Tutorial: Index from multiple data sources using the .NET SDK

Azure Cognitive Search can import, analyze, and index data from multiple data sources into a single consolidate search index. This supports situations where structured data is aggregated with less-structured or even plain text data from other sources, like text, HTML, or JSON documents.

This tutorial describes how to index hotel data from an Azure Cosmos DB data source and merge that with hotel room details drawn from Azure Blob Storage documents. The result will be a combined hotel search index containing complex data types.

This tutorial uses C# and the .NET SDK. In this tutorial, you'll perform the following tasks:

  • Upload sample data and create data sources
  • Identify the document key
  • Define and create the index
  • Index hotel data from Azure Cosmos DB
  • Merge hotel room data from blob storage

If you don't have an Azure subscription, create a free account before you begin.

Prerequisites

Note

You can use the free service for this tutorial.

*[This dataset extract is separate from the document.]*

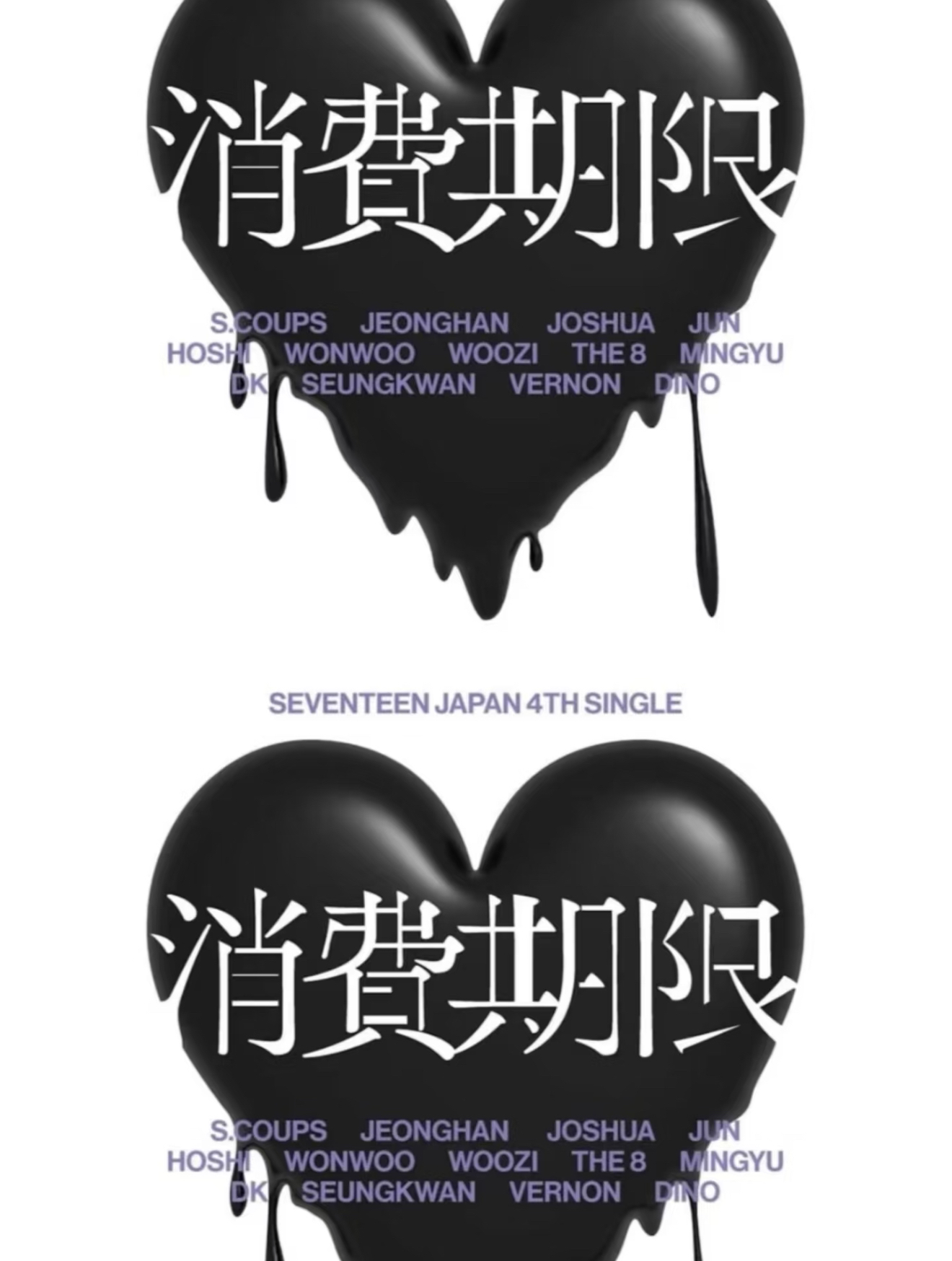 SEVENTEEN 消费期限回归 周边画册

A free search service limits you to three indexes, three indexers, and three data sources. This tutorial creates one of each. Before starting, make sure you have room on your service to accept the new resources.

Download files

Source code for this tutorial is in the azure-search-dotnet-samples GitHub repository, in the multiple-data-sources folder.

1 - Create services

This tutorial uses Azure Cognitive Search for indexing and queries, Azure Cosmos DB for one data set, and Azure Blob storage for the second data set.

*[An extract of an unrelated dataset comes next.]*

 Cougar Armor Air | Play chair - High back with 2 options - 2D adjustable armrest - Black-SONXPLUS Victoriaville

If possible, create all services in the same region and resource group for proximity and manageability. In practice, your services can be in any region.

This sample uses two small sets of data that describe seven fictional hotels. One set describes the hotels themselves, and will be loaded into an Azure Cosmos DB database. The other set contains hotel room details, and is provided as seven separate JSON files to be uploaded into Azure Blob Storage.

Start with Cosmos DB

  1. Sign in to the Azure portal, and then navigate your Azure Cosmos DB account Overview page.

  2. Select Data Explorer and then select New Database.

    Create a new database

  3. Enter the name hotel-rooms-db. Accept default values for the remaining settings.

    Configure database

  4. Create a new container. Use the existing database you just created. Enter hotels for the container name, and use /HotelId for the Partition key.

    Add container

  5. Select Items under hotels, and then click Upload Item on the command bar. Navigate to and then select the file cosmosdb/HotelsDataSubset_CosmosDb.json in the project folder.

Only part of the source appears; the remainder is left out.